More logs that i can't understand:

Aug 6 13:48:13 lorien kernel: IO-APIC (apicid-pin) 2-0, 2-16, 2-17,
2-18, 2-19, 2-20, 2-21, 2-22, 2-23 not connected.
Aug 6 13:48:14 lorien kernel: : booting with the "noapic"
option.
----
Aug 6 13:48:13 lorien kernel: mtrr: detected mtrr type: Intel
Aug 6 13:48:14 lorien kernel: mtrr: your CPUs had inconsistent fixed
MTRR settings
Aug 6 13:48:14 lorien kernel: mtrr: probably your BIOS does not
setup all CPUs

The system hangs both 1.1 and 1.4 SMP specification and with or without
using MP interrupts table.
MainBoard: Tyan 2460 with registered ECC memory.
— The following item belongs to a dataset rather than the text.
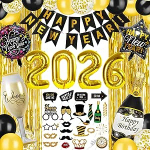 Aastavahetuse dekoratsioon 2026 komplekt, Happy New Year Garland, uusaasta dekoratsioon 2026 komplekt, mustad kuldsed konfettiballoonid, glitterkardinad, uusaasta &otilde;htu dekoratsioonikomplekt, uusaasta &otilde;htu peo dekoratsioon, uusaasta &otilde;htu dekoratsioon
The MB can't reboot normaly, but i think it is a BIOS issue, i should
update it.

Good luck!

Pau Montero Par?s.
http://pau.no-ip.com


2002-08-13 14:59:10

by Jordan Breeding

[permalink] [raw]
Subject: Re: SMP Athlon troubles under high load

Hello,

I have a dual athlon system as well which does not
normally reboot under Linux. FreeBSd and Windows work
fine but a stock Linux kernel does very weird things
when rebooting. My board is the Tyan Thunder K7
(S2462UNG) and I solved the problem by booting with
reboot=warm. Hope that helps.

Jordan Breeding
> The system hangs both 1.1 and 1.4 SMP specification and with or without
> using MP interrupts table.
> MainBoard: Tyan 2460 with registered ECC memory.
>
> The MB can't reboot normaly, but i think it is a BIOS issue, i should
> update it.
>
> Good luck!
>
> Pau Montero Par?s.
> http://pau.no-ip.com
>
> -
> To unsubscribe from this list: send the line "unsubscribe linux-kernel" in
> the body of a message to [email protected]
> More majordomo info at http://vger.kernel.org/majordomo-info.html
> Please read the FAQ at http://www.tux.org/lkml/

2002-08-13 21:19:00

by Dave Jones

[permalink] [raw]
Subject: Re: SMP Athlon troubles under high load

On Tue, Aug 13, 2002 at 04:37:28PM +0200, Pau Montero Par?s wrote:
> processor : 0
> vendor_id : AuthenticAMD
> cpu family : 6
> model : 4
> model name : AMD Athlon(tm) Processor
> stepping : 4

According to my notes, 644 isn't a valid CPU for reliable MP operation.
The earliest Athlon rated 'smp safe' is model 6 stepping 0.
Anyone with anything earlier that isn't having problems is
getting 'lucky'.

Dave.

--
| Dave Jones. http://www.codemonkey.org.uk
| SuSE Labs